**What the exercise asks**
Leave out the pictures and retype, exactly, the lines below from the line with "Durante un bombardamento" up to and including the line with "SUBARU FORESTER 2012", nothing more.

**The data**
======

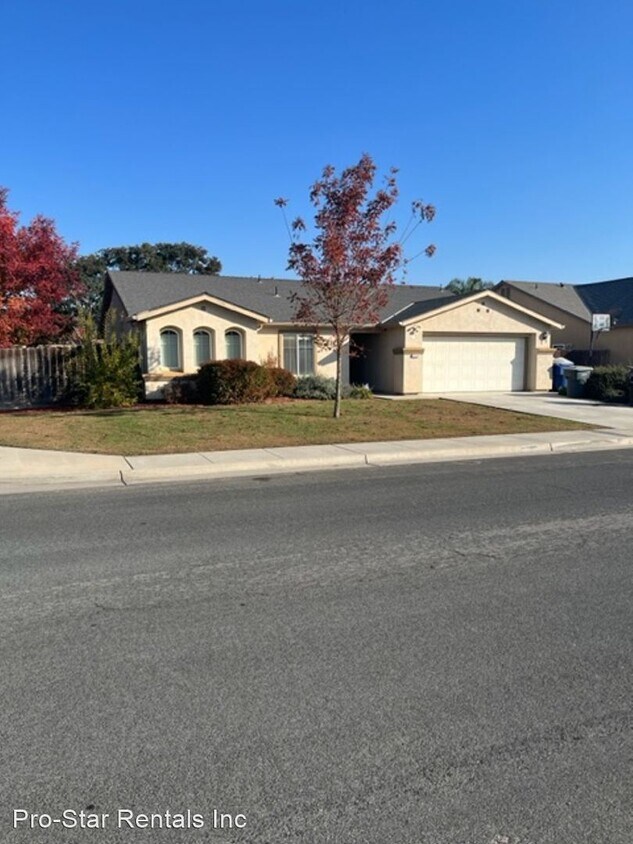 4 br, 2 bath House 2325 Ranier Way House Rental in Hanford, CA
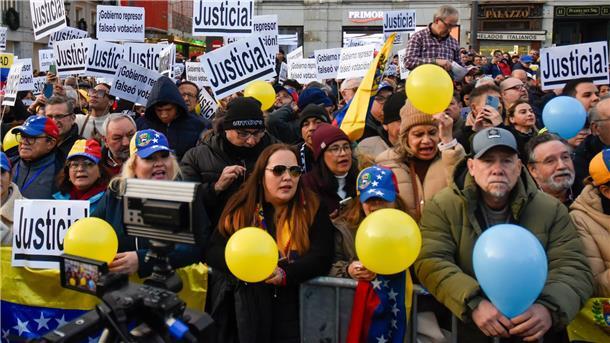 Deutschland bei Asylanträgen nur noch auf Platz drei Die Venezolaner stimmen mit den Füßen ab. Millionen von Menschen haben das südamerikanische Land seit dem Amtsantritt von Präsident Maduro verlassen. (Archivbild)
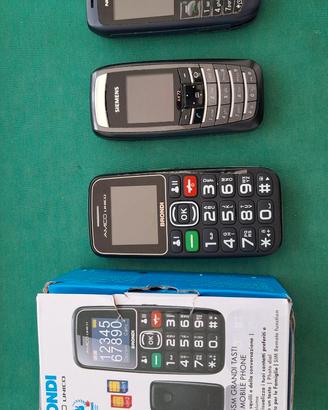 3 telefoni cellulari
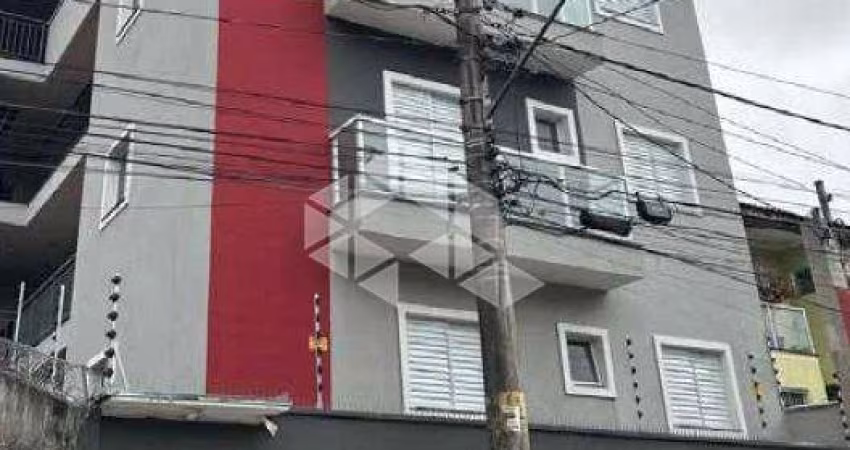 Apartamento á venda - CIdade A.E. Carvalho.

======

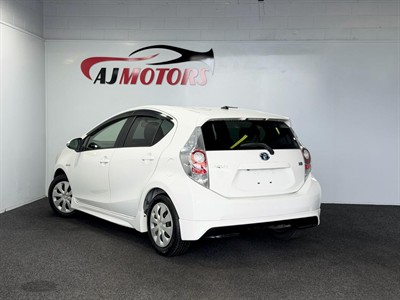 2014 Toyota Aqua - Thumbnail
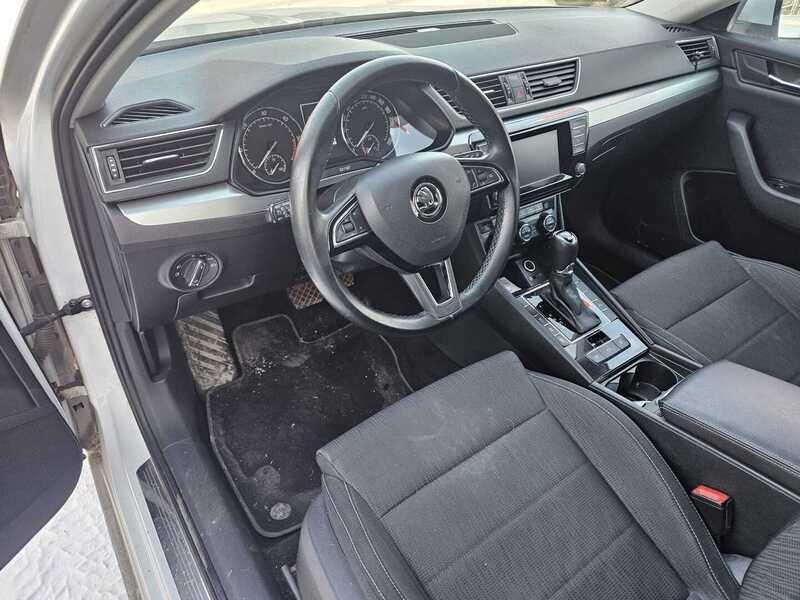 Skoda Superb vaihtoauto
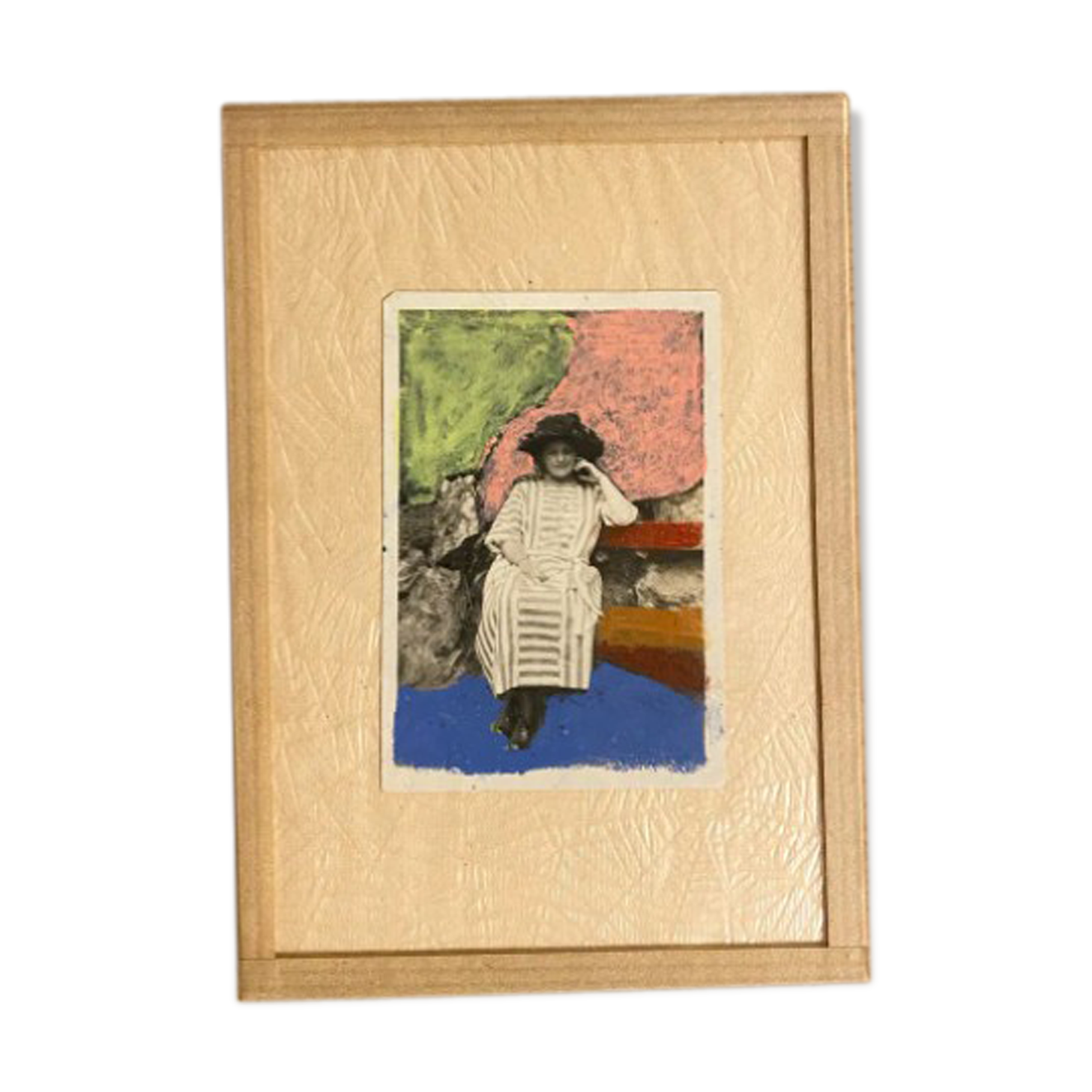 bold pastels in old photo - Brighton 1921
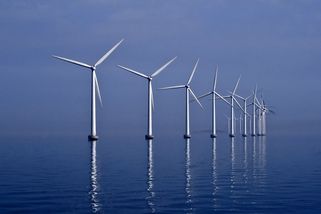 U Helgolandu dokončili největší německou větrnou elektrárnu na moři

======

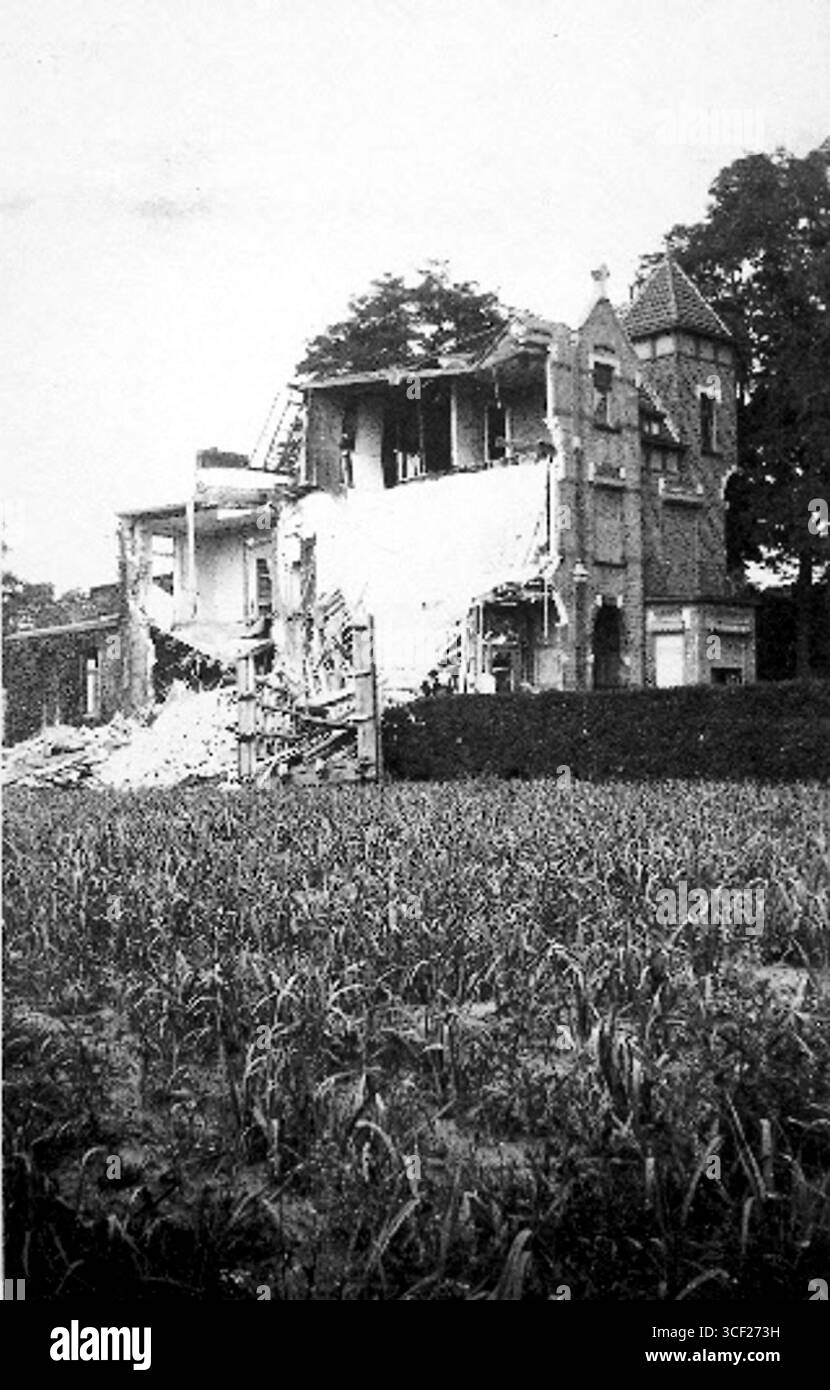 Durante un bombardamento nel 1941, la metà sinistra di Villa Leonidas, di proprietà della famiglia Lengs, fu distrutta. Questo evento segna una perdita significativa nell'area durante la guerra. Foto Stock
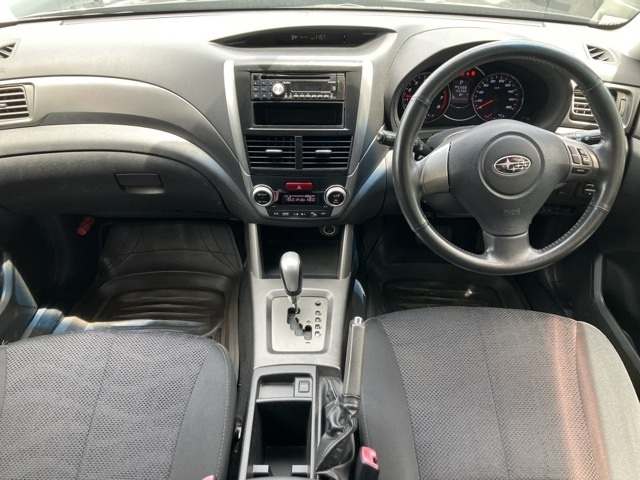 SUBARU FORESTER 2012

======

**Result**
 Durante un bombardamento nel 1941, la metà sinistra di Villa Leonidas, di proprietà della famiglia Lengs, fu distrutta. Questo evento segna una perdita significativa nell'area durante la guerra. Foto Stock
 SUBARU FORESTER 2012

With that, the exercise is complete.